Trade talks versus trade wars
Just a week after it looked like the US and China had agreed to put their trade war on hold, Washington now appears to be escalating trade tensions with Beijing.
Analysts say this move could cast a shadow over the potential success of talks between the US and China in Beijing over the next couple of days.
What the US wants from China
The talks, to be led by US Commerce Secretary Wilbur Ross, are aimed at reducing the bilateral trade deficit. Currently, the US buys nearly four times as much from China as it sells.
Beijing has indicated that it will buy some US agricultural exports to balance the deficit, but that may not be enough to appease US trade hawks.
The US also wants to address the intellectual property theft that it alleges Chinese firms have benefited from, and the country's Made in China 2025 programme, which is a multi-billion dollar plan to help transform its high-tech industries into world leaders by 2025.
But the strength of this White House statement, which confronts years of unfair trade practices, among other issues, indicates that the Trump administration isn't getting what it wants from Beijing, and so is willing to up the ante.
Deborah Elms of the Asian Trade Centre says that particular White House announcement, and the timing of it, may just be another bargaining tactic.
In her latest note, she says the move seems designed to increase the pressure on China to co-operate ahead of trade talks between the two sides later this week, especially given the accusations that US President Trump has faced from the US press and domestic political circles (they've accused him of going soft on China).
What China wants
China has already expressed its discontent with the action. The Ministry of Commerce says the White House's action is "both unexpected and within expectation," and that China has the "confidence, capability and experience to defend the interests of Chinese people, and the core interests of the country".

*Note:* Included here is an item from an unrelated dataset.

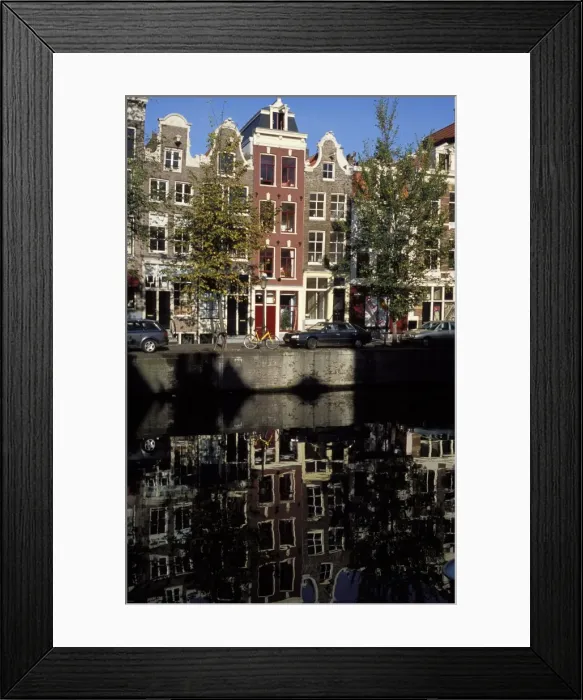 Framed Print : Tall traditional style houses reflected in the water of a canal Framed Print : Tall traditional style houses reflected in the water of a canal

A nuanced, diplomatic response.
But take a look at the nationalistic publication, the Global Times, and you get a better idea of what the Chinese may be thinking.
"Washington suffers from a delusion whereby it feels the US is strong enough to force other countries to accept their unreasonable demands," said Wednesday's editorial.

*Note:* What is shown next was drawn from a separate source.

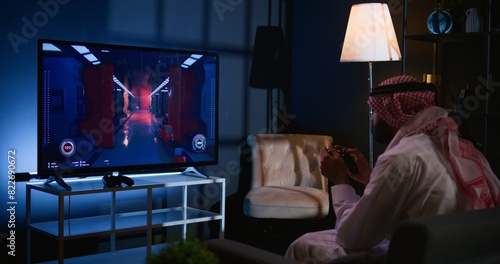 Arabic man playing singleplayer videogames on TV, relaxing in living room. Middle Eastern gamer enjoying science fiction shooter game on gaming console, having fun, handheld camera shot photo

"Let them prepare for an 'epic trade war'."
The editorial goes on to say if China did actually go ahead with a full blown trade war, that America's farmers, automobile manufacturers, and energy workforce would be at risk.
Will the US strategy work?
So what do these latest moves by the White House mean for US-China trade relations?
Well, for one thing, Vinesh Motwani of Silk Road Research tells me that we're unlikely to see very much come from Mr Ross' upcoming visit to China.
Which means that a trade war between the two sides is far closer than it was late last week.
And as I've said before, that's not good for any of us.